Data for the task:

^^^^

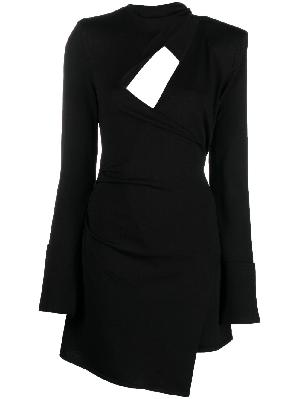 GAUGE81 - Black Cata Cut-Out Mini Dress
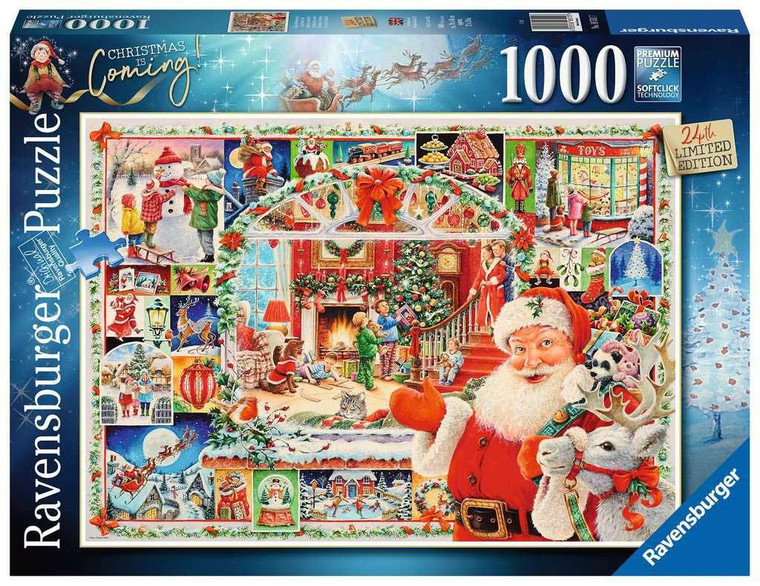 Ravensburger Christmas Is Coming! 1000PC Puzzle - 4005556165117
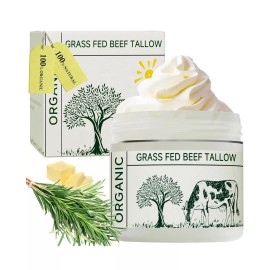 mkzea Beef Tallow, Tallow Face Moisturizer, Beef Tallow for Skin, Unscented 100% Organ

^^^^

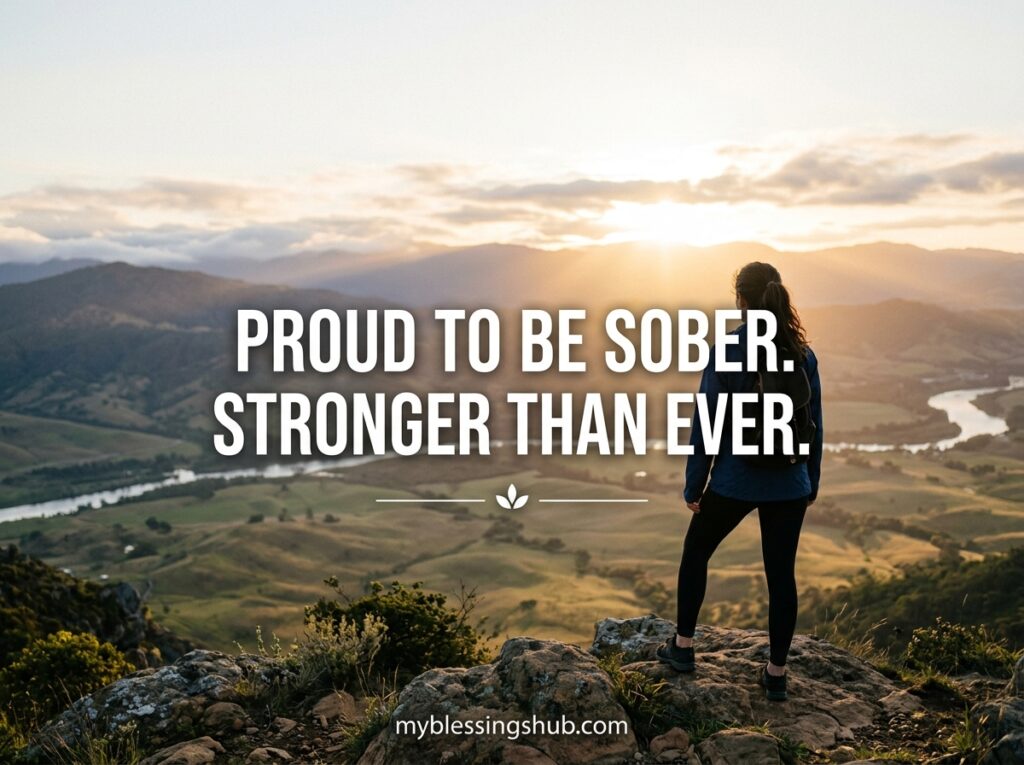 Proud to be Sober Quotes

^^^^

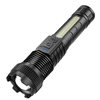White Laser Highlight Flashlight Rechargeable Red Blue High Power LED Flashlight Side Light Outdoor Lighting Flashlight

^^^^

What the task requires: Taking the entries above, extract every line from the one bearing "GAUGE81 - Black Cata Cut-Out Mini Dress" through the one bearing "mkzea Beef Tallow, Tallow", exactly, with no pictures.

Written answer:
 GAUGE81 - Black Cata Cut-Out Mini Dress
 Ravensburger Christmas Is Coming! 1000PC Puzzle - 4005556165117
 mkzea Beef Tallow, Tallow Face Moisturizer, Beef Tallow for Skin, Unscented 100% Organ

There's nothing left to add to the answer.